■ **Task**: Your answer should hold only the lines from the one with "Wyndham Garden Shaoguan Xinfeng 3/36" through the end of the records, repeated exactly and minus any pictures.

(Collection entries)
──────────────────────────────

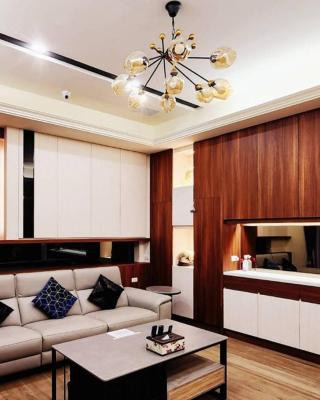 樂陶陶精品民宿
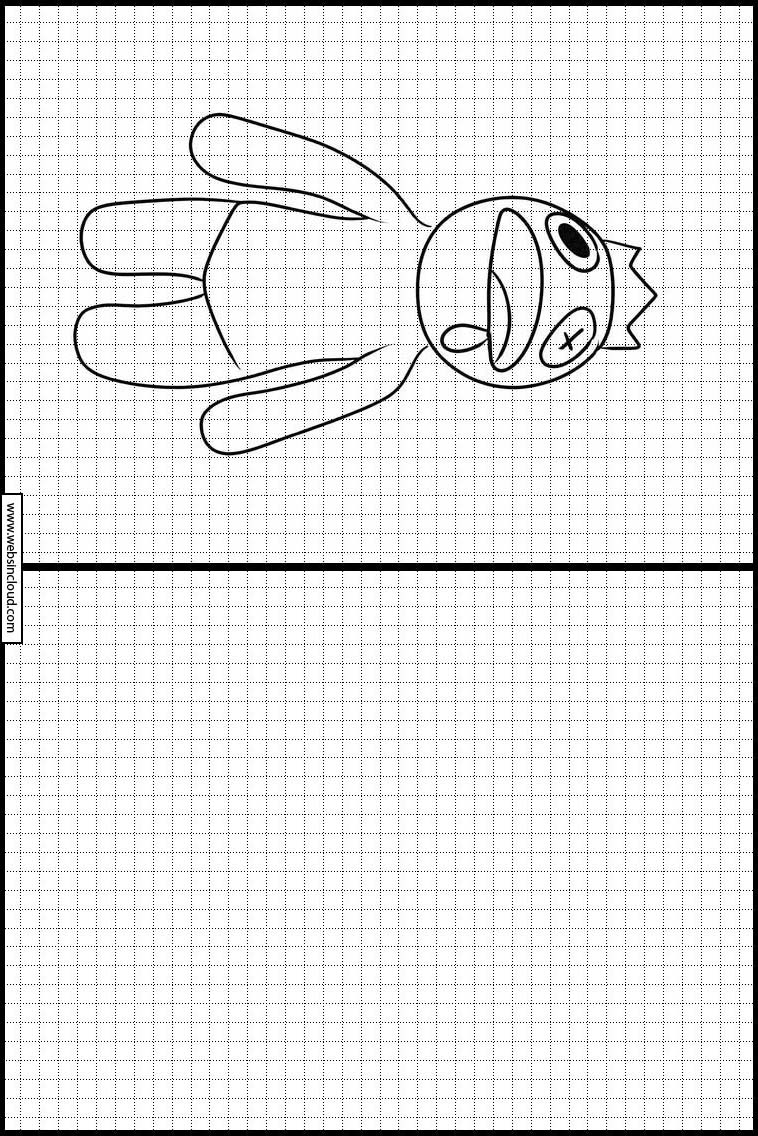 Duha Přátelé 15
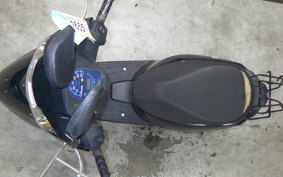 YAMAHA JOG DX-3 2019 AY01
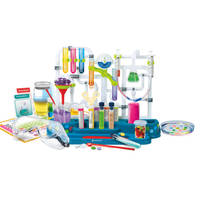 Clementoni Super chimica productafbeelding 4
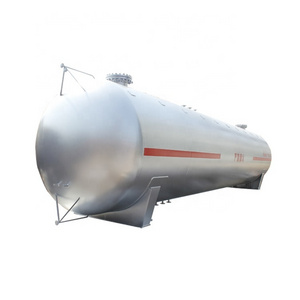 100 m3 capacity horizontal lpg tank liquefied petroleum gas propane lpg tank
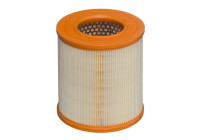 Air filter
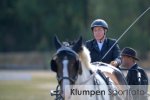 Fahrsport - Niederrheinischer Fahercup // Ausrichter FahrSF Dingdener-Heide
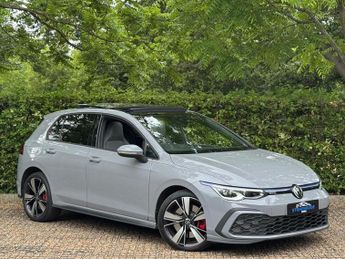 Volkswagen Golf 1.4 TSI 13kWh GTE DSG Euro 6 (s/s) 5dr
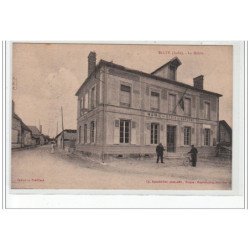 SAINT LYE - La Mairie - très bon état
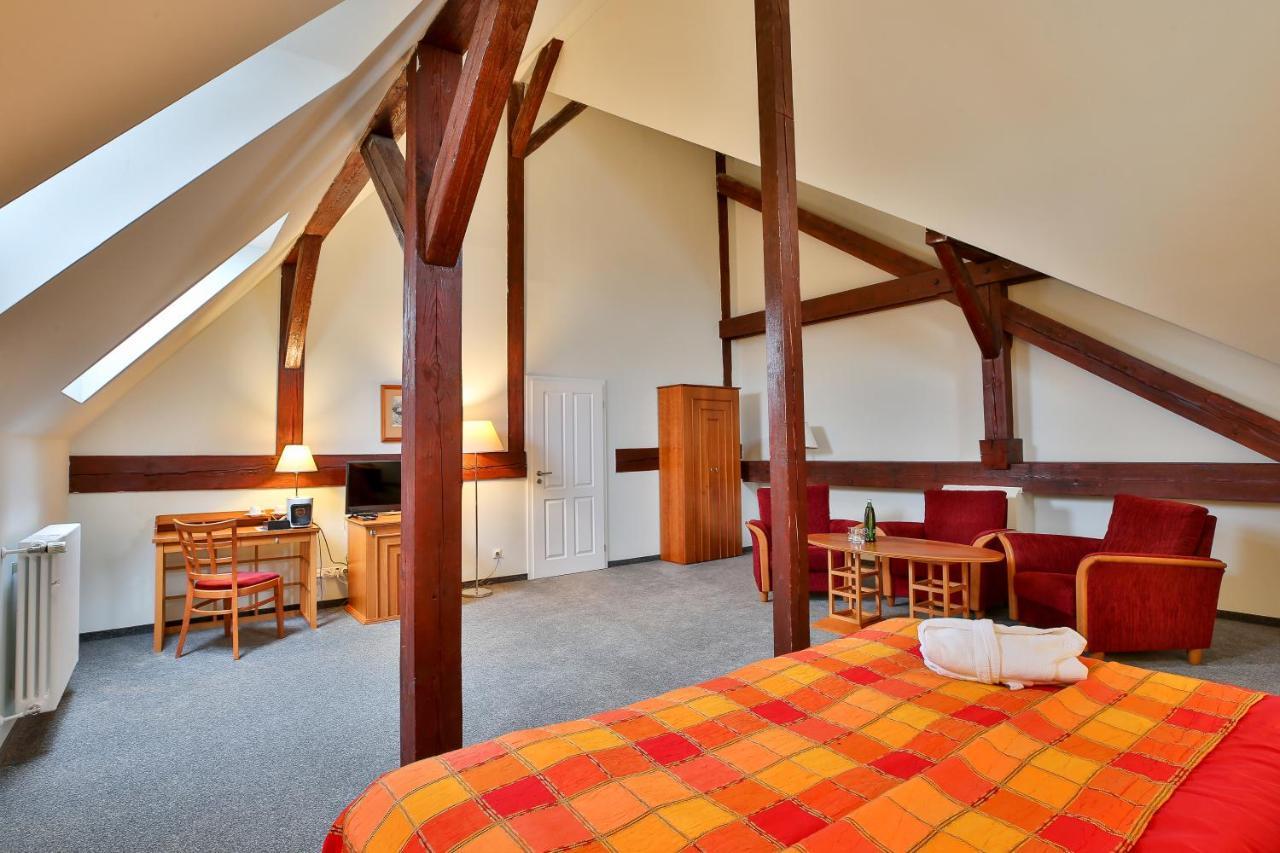 Lh Hotel Dvorak Tabor Congress & Wellness エクステリア 写真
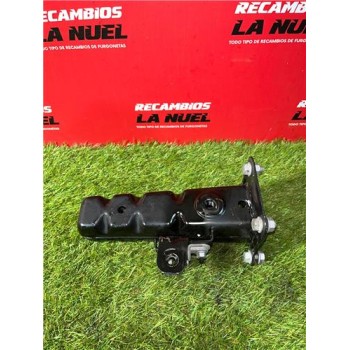 Recambio de soporte izdo. paragolpes para mercedes-benz vito furgón (447)(07.2014) 1.6 109/111 cdi worker compacta (447.601) [1,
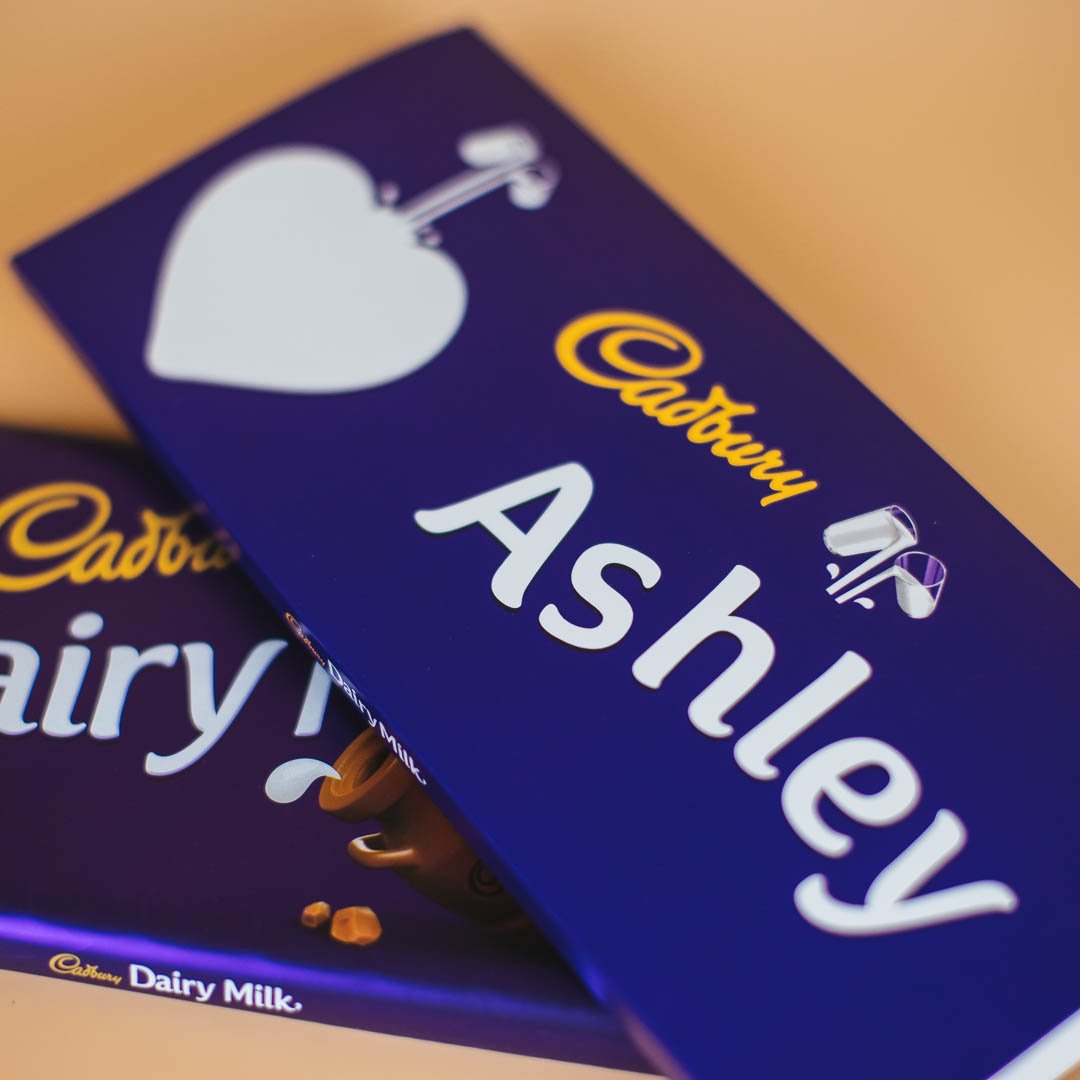 Our Top 3 Favourite Chocolate Brands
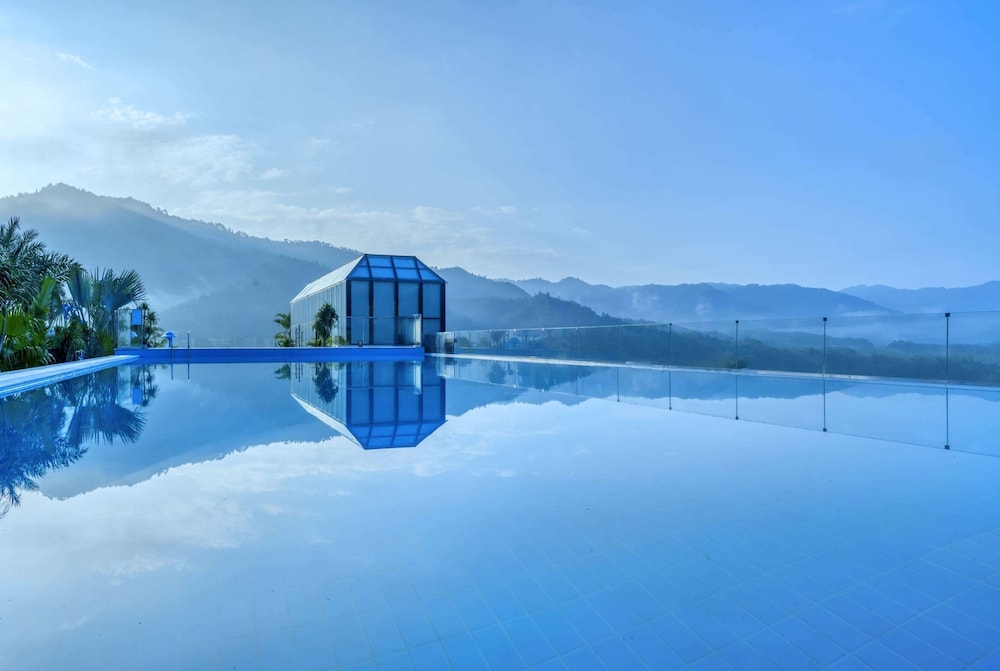Wyndham Garden Shaoguan Xinfeng 3/36
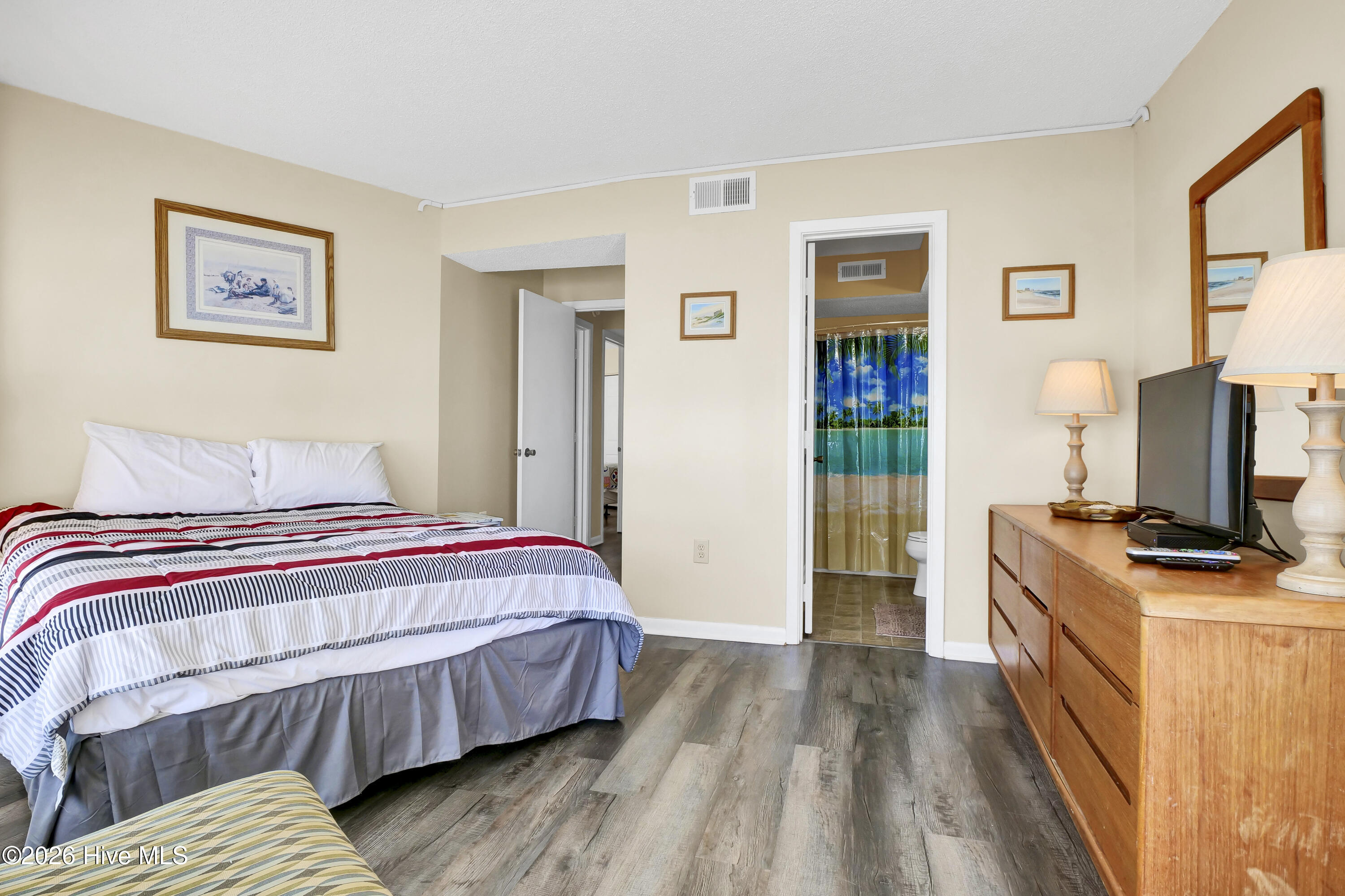 2000 New River Inlet Road, Unit 2207 North Topsail Beach, NC 28460 - Photo 17 of 41 Bedroom 1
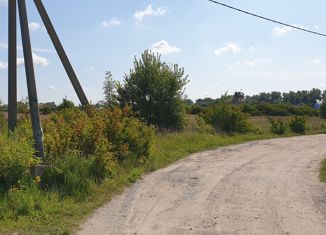 Продажа участка, 6 сот., СНТ Светлогорское, Калиновая улица, 218А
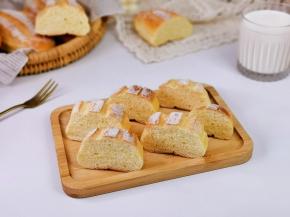 口感有一些Q弹。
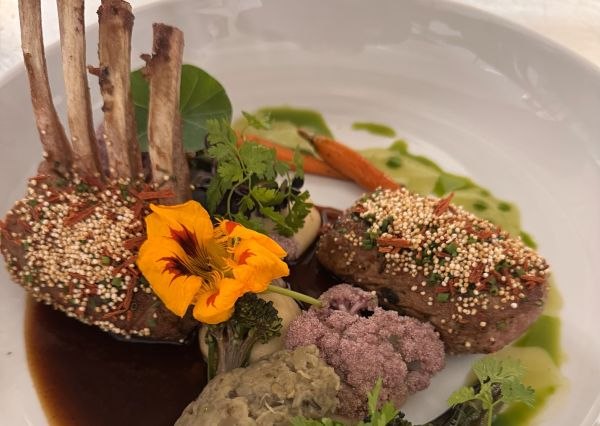 Empfehlung, © mmf Parow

──────────────────────────────

■ **Solution for this problem**:
Wyndham Garden Shaoguan Xinfeng 3/36
 2000 New River Inlet Road, Unit 2207 North Topsail Beach, NC 28460 - Photo 17 of 41 Bedroom 1
 Продажа участка, 6 сот., СНТ Светлогорское, Калиновая улица, 218А
 口感有一些Q弹。
 Empfehlung, © mmf Parow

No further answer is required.